Crolla, l’Utopia Bella,
crolla
la Luce
e vince la tenebra.
Arrancano allora,
i suoi piedi
stanchi
del martirio
a lui sì vicino.
Rabbia e sconforto
si mischiano
nella loquace scena.
Trema la schiena.
Percossa e striata.
“Dio,
Padre,
tu non mi avevi detto
che fosse questa
la fine
del Sogno
che avevo portato!
Perché, perché
Signore?
Io avevo solo amato!”.
Eppure, dicendo,
rimane convinto
che ci sarà
il Cielo
dorato.
“Rimase immobile per un istante. Non grido'. Cadde dolcemente come cade un albero. Non fece neppure rumore sulla sabbia”. Così lo scrittore francese Antoine de Saint-Exupéry, lasciava morire il suo personaggio, “Il Piccolo Principe”. E in questa caduta, lieve, impalpabile come non vedere anche le molteplici morti nel silenzio di tanti martiri cristiani in terre dilaniate dal terrore, dalla morte, dall’intransigenza religiosa che di qualsiasi natura sia non ha mai certo fatto bene all’Umanità. La mappa geografica e i numeri nel Mondo sono spaventosi. E ancor più spaventoso è il rumoroso (poiché le notizie che fanno più frastuono sono altre) silenzio che ricopre tutte queste storie che vedono coinvolti donne, bambini, uomini che hanno una sola colpa: essere cristiani. O appartenere a una minoranza religiosa scomoda. Cina, Laos, Indonesia, Vietnam, Corea del Nord, Pakistan, Nigeria, Siria, Iraq e Centrafrica: sono solo alcuni Paesi che vivono questa sottaciuta sofferenza. Di storie terribili ce ne sarebbero innumerevoli, tutti con un solo finale: la morte innocente. Il martirio. Una, ad esempio, forse perché la crudeltà lascia senza parole: i terroristi islamici di Boko Haram attaccano per la seconda volta il villaggio cristiano di Attagara, nel nord della Nigeria. Hassan, un bambino cristiano di appena tre anni,appena li vede arrivare, fugge via, ma i miliziani lo bloccano. Gli ordinano di consegnare la Bibbia che ha in mano, ma lui, fermo, dice no. Dice no alla violenza. Allora, strappano di mano il libro, e lo gettano in un rogo acceso, lì vicino. Hassan corre per recuperare la sua Bibbia, con un bastone. Un membro di Boko Haram, per impedirglielo, lo colpisce alla testa con il calcio del kalashnikov e lo spinge dentro il fuoco. Era il novembre 2015, ma anche oggi è così. Non è cambiato nulla. E soprattutto non è cambiato il silenzio su questi accadimenti che non hanno la stessa potenza mediatica di qualche leggero show d’intrattenimento. Il pubblico, la stragrande maggioranza del pubblico, non vuole guardare la realtà, la sofferenza. E’ lontana, lontana. Non “tocca” i propri figli, quindi non può avere importanza.

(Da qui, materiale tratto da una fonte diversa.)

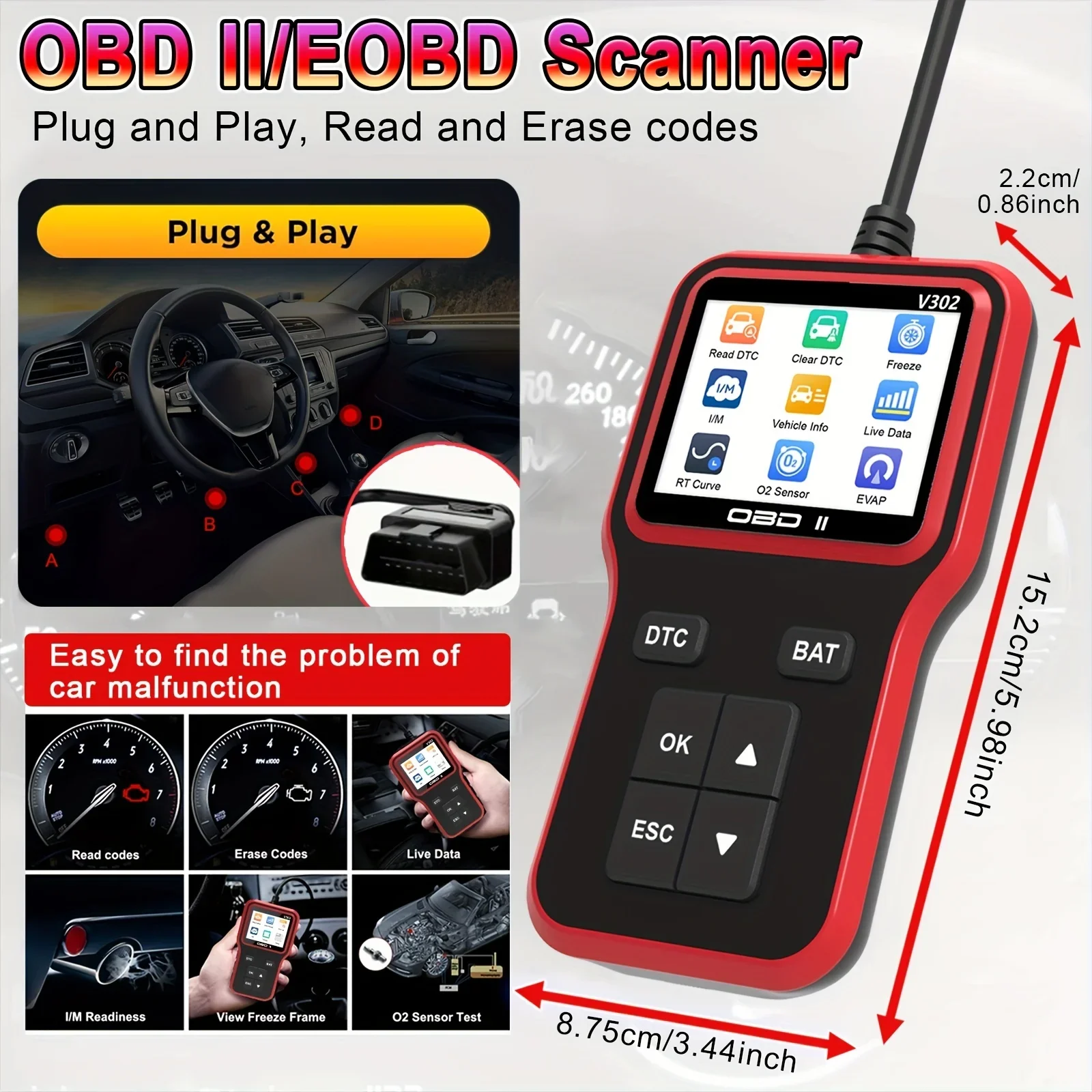  الماسح الضوئي OBD2 - قارئ رمز خطأ محرك السيارة الذي يعمل بمنفذ USB وأداة تشخيصية لجميع مركبات بروتوكول OBD II #6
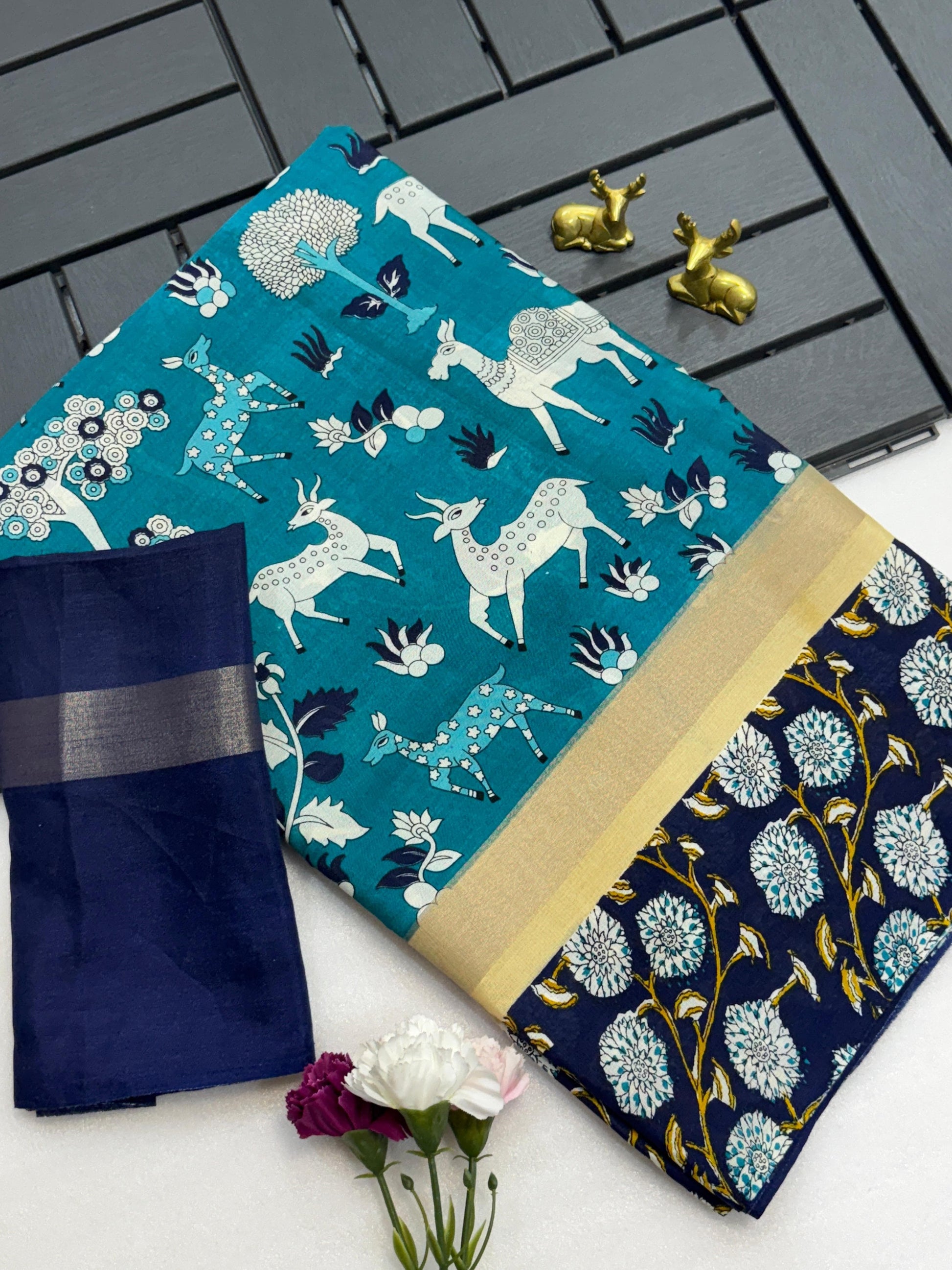 Product Image - Exclusive Designer Chanderi Silk Saree with Kalamkari Print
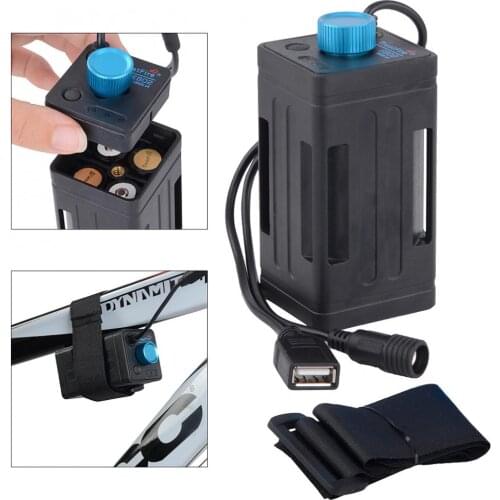 Portable Practical Waterproof Battery Case Box with USB Interface Support 4 x 18650 Battery for Bicycle LED Light
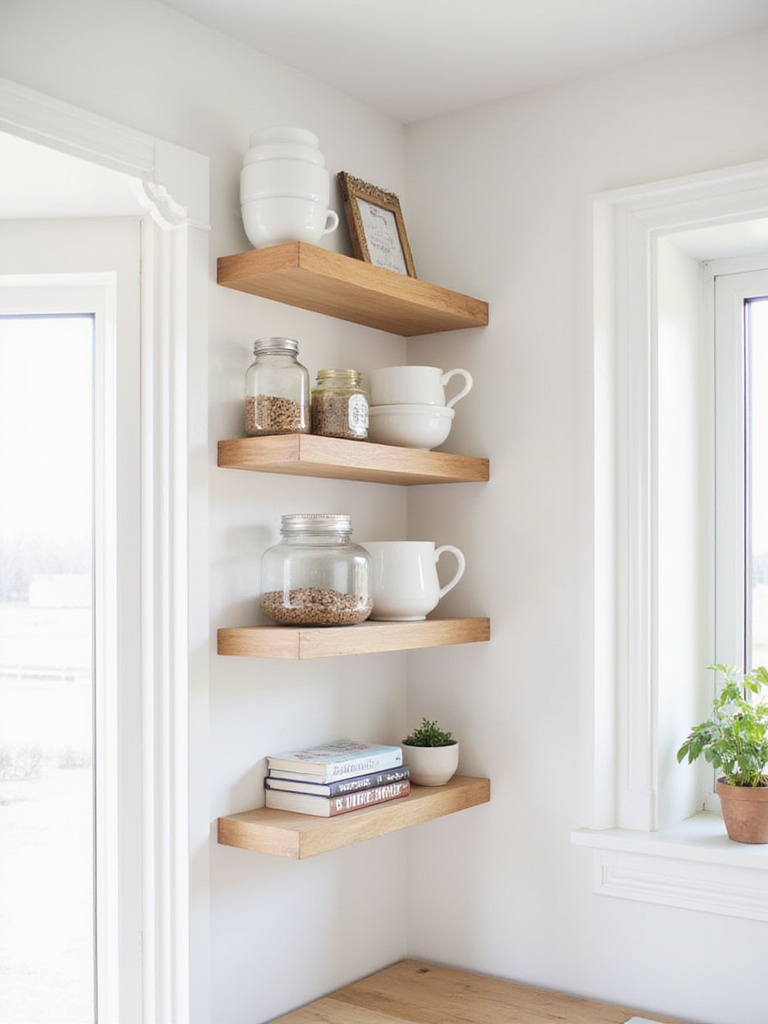 Kitchen with light wood open shelving displaying dishes, jars, herbs, and cookbooks.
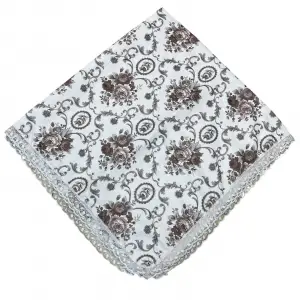 Kenarı Dantelli Desenli Sofra 140x140 cm 1 Adet(Sofra9510)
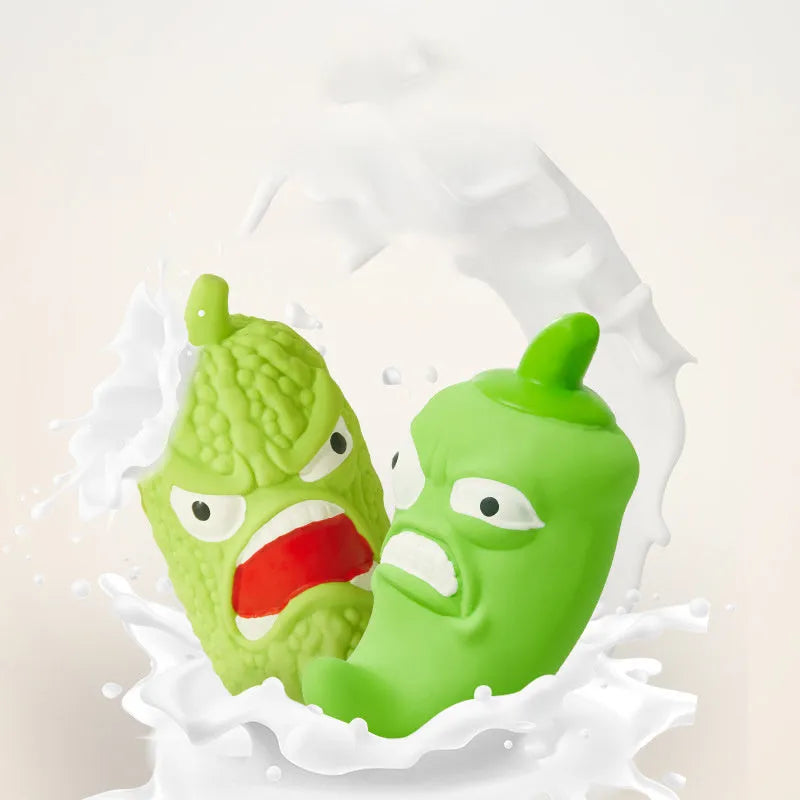 Bitter melon and chili shaped dog toys with textured surfaces for dental cleaning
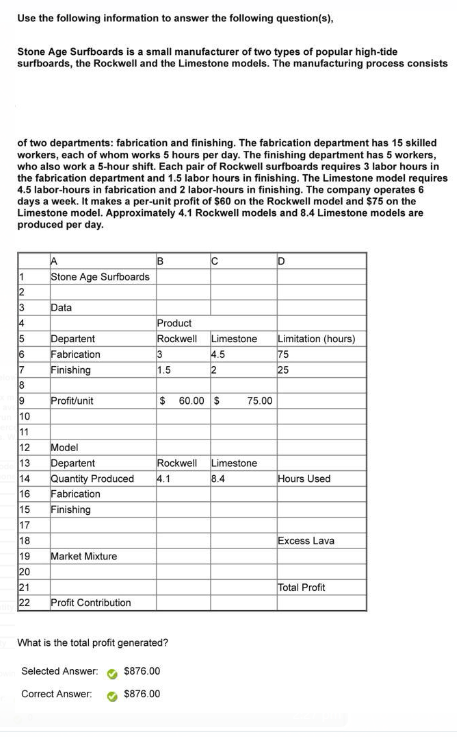 Use the following information to answer the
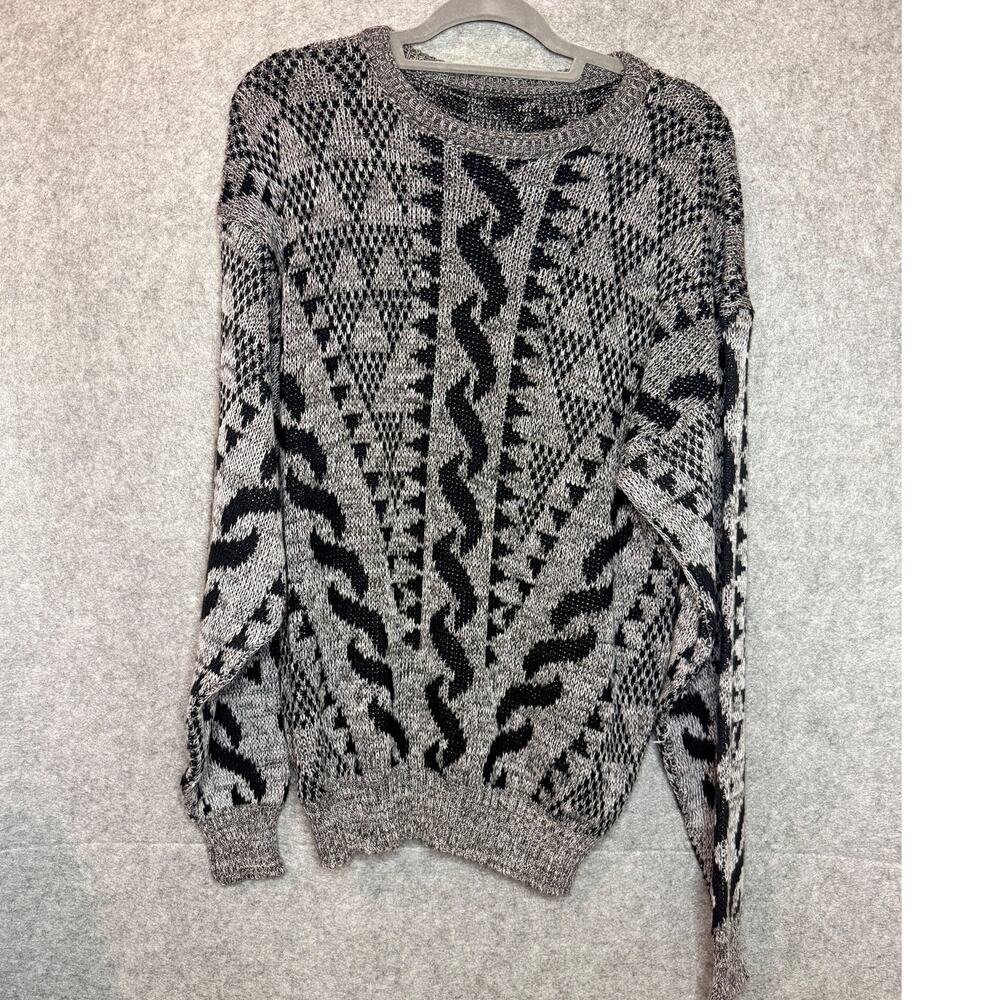 Vintage 80s Sweater Mens M Black Gray Abstract Knit Made USA Geometric Grandpa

“Non ha più vesti./ E’ nudo./ Cadavere,/ neanche forse una degna sepoltura”. L’Oggi? Fosse comuni con centinaia di corpi, testimonianze della violenza cieca dello Stato Islamico nei territori controllati. Una nota agenzia di stampa internazionale ha provato l'esistenza di almeno 72 sepolture comuni in Siria e in Iraq, per un totale di corpi che va dai 5200 fino ad almeno 15000. E la polvere che ricopre tutti questi cadaveri non è solo quella del terriccio, ma soprattutto una polvere – ancora più fitta – di silenzio di tutti gli organi di informazione.